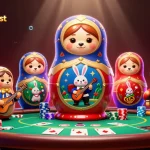 Engaging scene with worldcurrencylist Matryoshka bears showcasing casino dealer outfits, poker table, and vibrant atmosphere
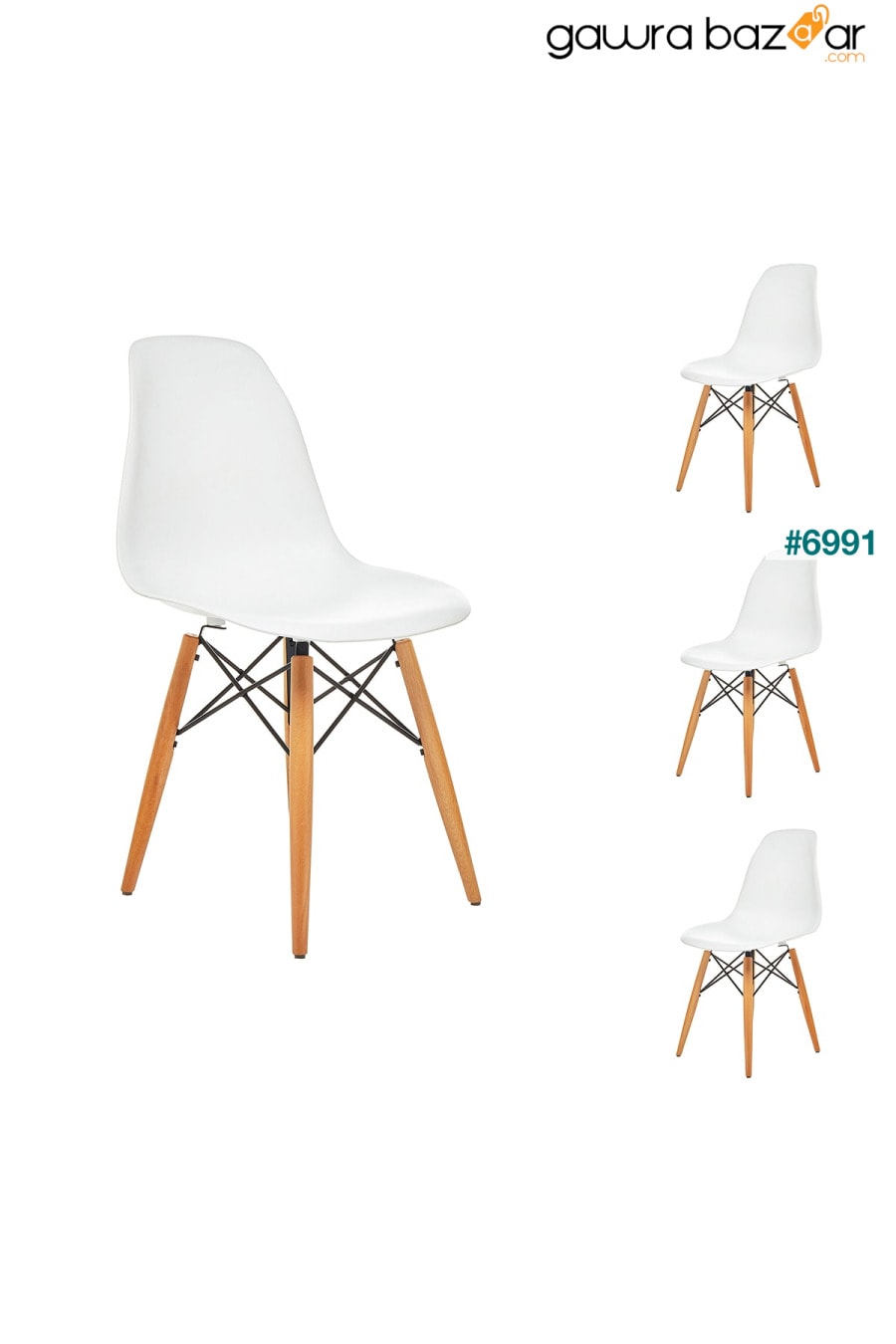 كرسي ايمز أبيض مع أرجل خشبية طبيعية | 4 جهاز كمبيوتر شخصى Seduna 0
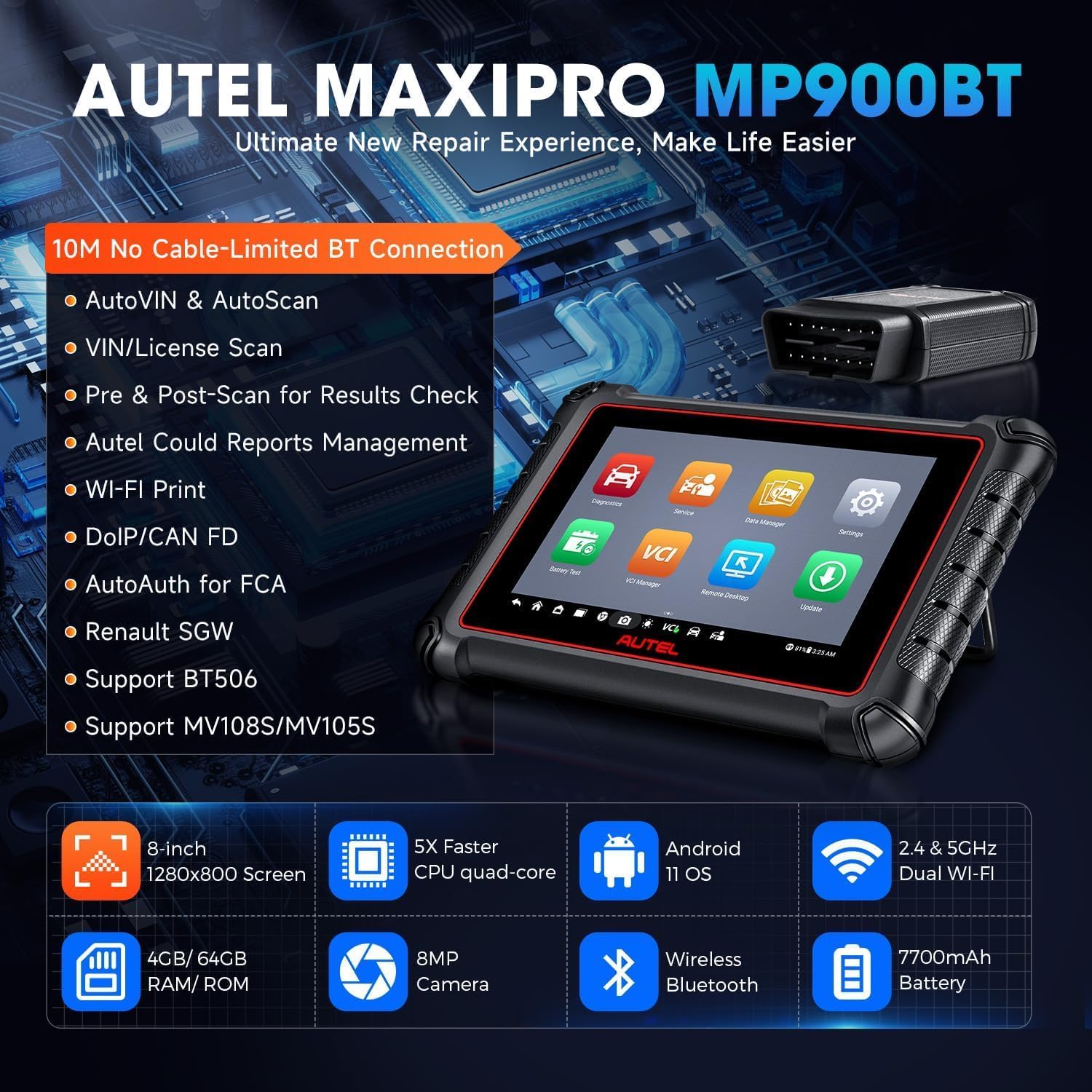 Autel MaxiPRO MP900BT: 2026 Inalámbrico como MP900-BT KIT Codificación ECU, OS11, 3K+ Prueba Activa, DoIP CAN FD, 40+ Reseteos, Escaneo VIN/Matrícula, Nuevo Modelo de MP808BT PRO MP808 DS808 MS906 Pro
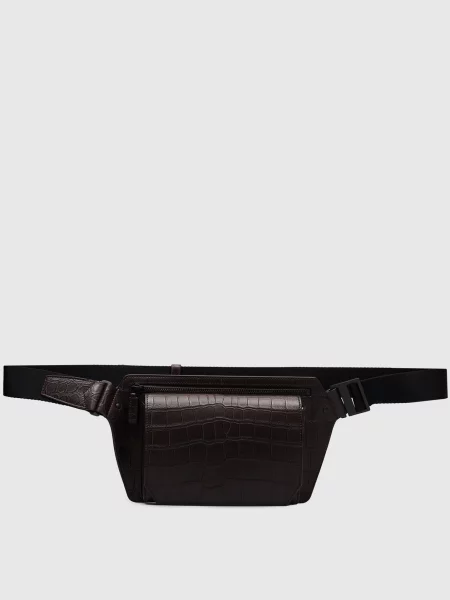 Поясна сумка зі шкіри крокодила Cashmere&whiskey коричнева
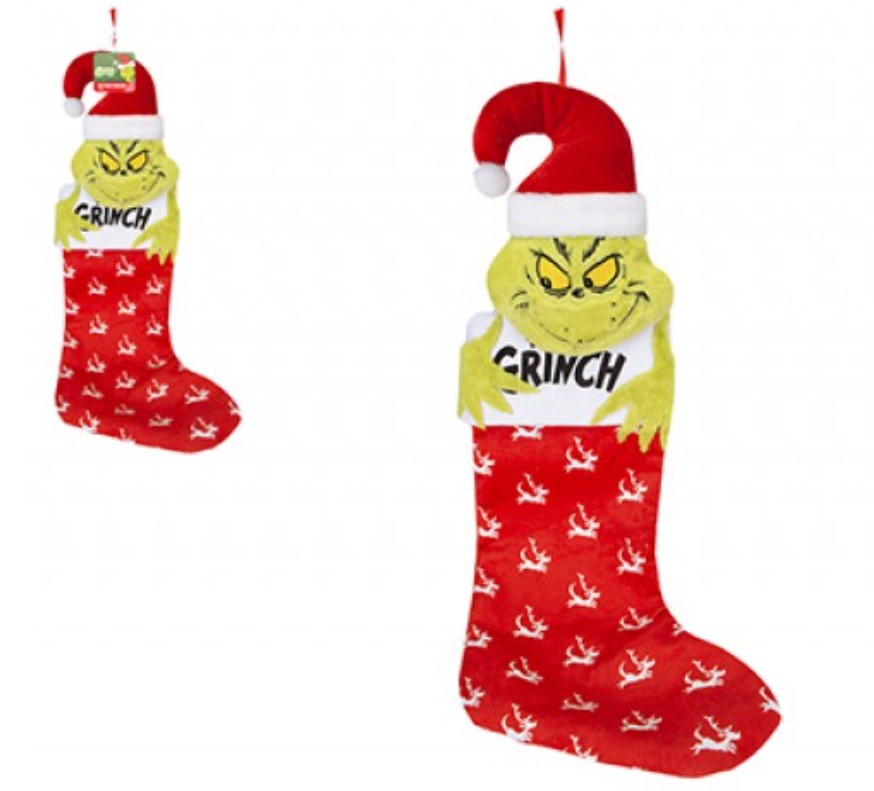 Grinch Plush Stocking With 3d Plush Grinch Head 72cm - Click Image to Close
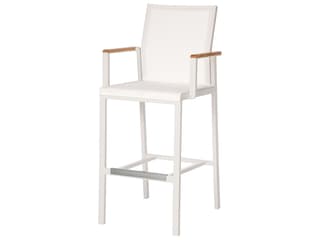 Aura Bar Stool - Arctic White Aluminum - Pearl Textilene Sling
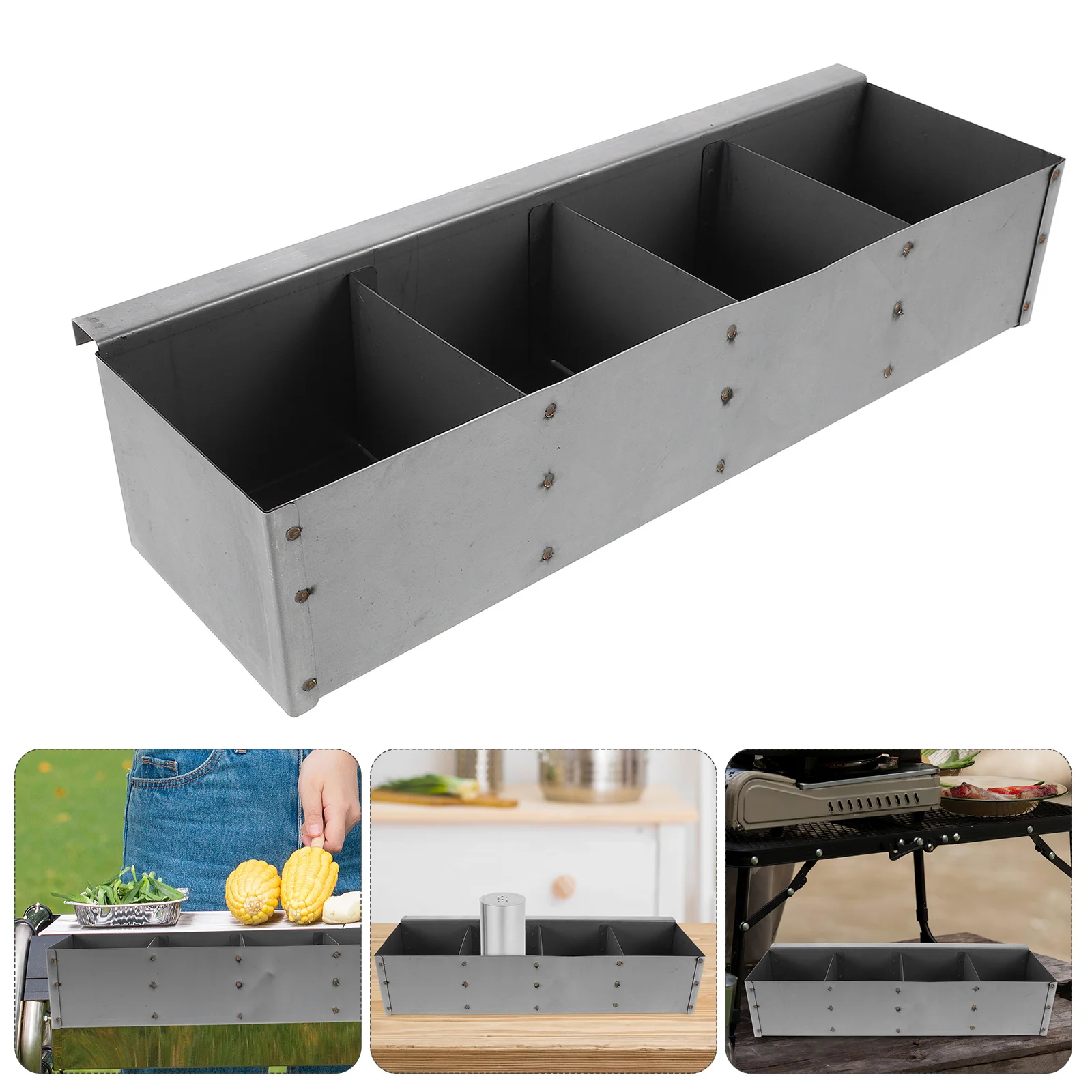 

Hanging Spice Rack Commercial Grill Seasoning Box Organizer Compact Outdoor Bbq Storage Rack Hanging Spice Shelf for Charcoal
--
All of the material above should be written out exactly as given, minus any images.

*ANSWER TO THIS PROBLEM*:
 Engaging scene with worldcurrencylist Matryoshka bears showcasing casino dealer outfits, poker table, and vibrant atmosphere
 كرسي ايمز أبيض مع أرجل خشبية طبيعية | 4 جهاز كمبيوتر شخصى Seduna 0
 Autel MaxiPRO MP900BT: 2026 Inalámbrico como MP900-BT KIT Codificación ECU, OS11, 3K+ Prueba Activa, DoIP CAN FD, 40+ Reseteos, Escaneo VIN/Matrícula, Nuevo Modelo de MP808BT PRO MP808 DS808 MS906 Pro
 Поясна сумка зі шкіри крокодила Cashmere&whiskey коричнева
 Grinch Plush Stocking With 3d Plush Grinch Head 72cm - Click Image to Close
 Aura Bar Stool - Arctic White Aluminum - Pearl Textilene Sling

Hanging Spice Rack Commercial Grill Seasoning Box Organizer Compact Outdoor Bbq Storage Rack Hanging Spice Shelf for Charcoal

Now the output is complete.